Industry alliances have yet to remake the beef cattle business the way many expected a couple of decades ago.
Back then, lots of folks thought that by this point in time the industry would be an amalgam of well-defined supply chains, dictating both market access and opportunity to receive something besides the average price.
That vision took flight with the 1993 Strategic Alliances Field Study funded by the beef checkoff. The study – the first of its kind – attempted to objectively measure how much of the money lost to the industry’s fragmented production, management and marketing system could be recovered if all segments worked together to eliminate the losses and share the gains.
There’s exponentially more vertical cooperation today than there was then, everything from branded beef programs and special feeder cattle sales to a slew of value-based grids for fed cattle. But the current industry is less a series of supply chains sorting out product that doesn’t fit added value programs and more of a central channel sorting in products that do.
Several programs have tried to forge massive, closed-loop supply chains; and some failed miserably, such as eMerge and Future Beef. Others continue to succeed beyond what anyone believed possible – U.S. Premium Beef comes to mind. Likewise, the venerable Certified Angus Beef®, which forged a market category of its own, continues to foster an array of supply chains.
Still others fly beneath the proverbial radar at one stage of formation or another.
All deserve plaudits, as do producers willing to take the risk and participate in them.

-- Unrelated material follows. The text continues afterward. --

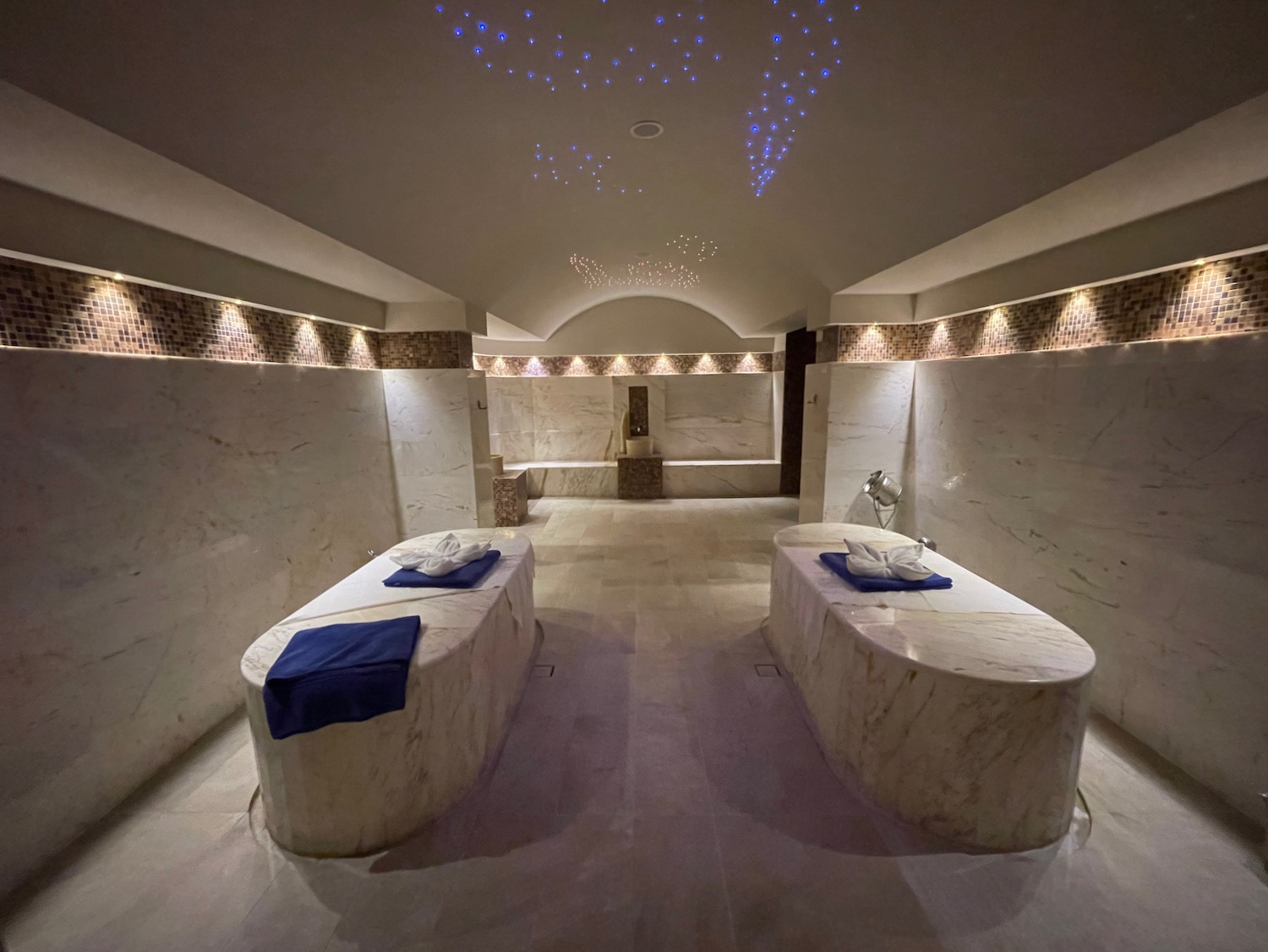 a room with marble walls and lights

On the other side of the spectrum, average-based, commodity beef production and marketing deserves appreciation, too. It may not be trendy, but it continues to garner more returns for some than the added cost of participating in value-added programs.

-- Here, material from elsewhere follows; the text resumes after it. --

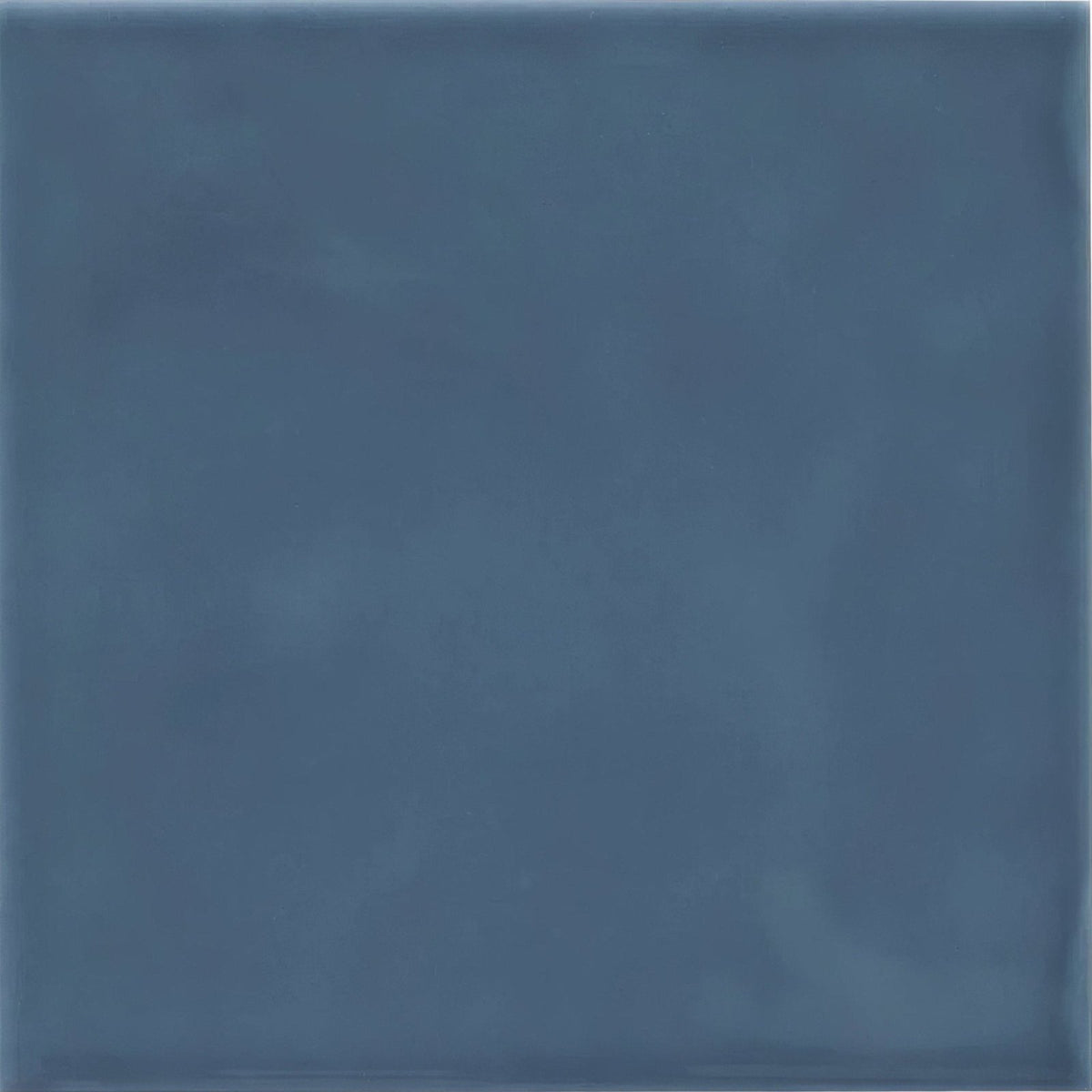 A square blue Cordoba Ocean glazed ceramic tile with a matte finish and subtle textured tone variations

Yet, increasing production efficiency and improving customer satisfaction through more consistent eating experiences demand increased cooperation between segments. After all, if the right hand doesn’t know where to find the left, no one knows what’s working and what needs work.
Arguably, that’s been the overarching benefit of periodic National Beef Quality Audits (NBQA), which include thoughts and objective measures from all industry segments. The most recent industry report card was released at the end of July. In the meantime, the beef checkoff, which funds NBQA, released a YouTube video (www.youtube.com/nationalbqa) offering an overall sense of the findings and the value behind the process.
“Too often, we get caught up in our own segment of the industry. We don’t consider implications for our partners either upstream or downstream,” says Steve Sands, vice president of protein at the Performance Food Group. It’s the parent company of a family of food service distributors that delivers more than 94,000 national and proprietary branded food and food-related products.
“One of the great things about the audit is that it brings people together from the beginning of the supply chain, the cow-calf operation, through the feedlots, the packers, the distributors and the restaurants. By bringing us together we can begin to coordinate our activities and eliminate many of the inefficiencies that plague us and work together to produce a better product,” Sands says.
“I think the most important thing to come out of the audit is not the data,” says Donnie Schiefelbein of Schiefelbein Farms at Kimball, MN. “But given what we’ve just learned, the important thing is asking how can we as producers raise the bar and improve the product we’re raising for the consumer?”
Really, that’s the essence of the alliance concept.
“Quality is hard work,” says Tom Field, director of the University of Nebraska’s Engler Agribusiness Entrepreneurship Program. “The NBQA provides our families and the industry a route to measure our performance. It’s an honest, true look at where we are as a business and it asks the question: Do you have the commitment to get better?”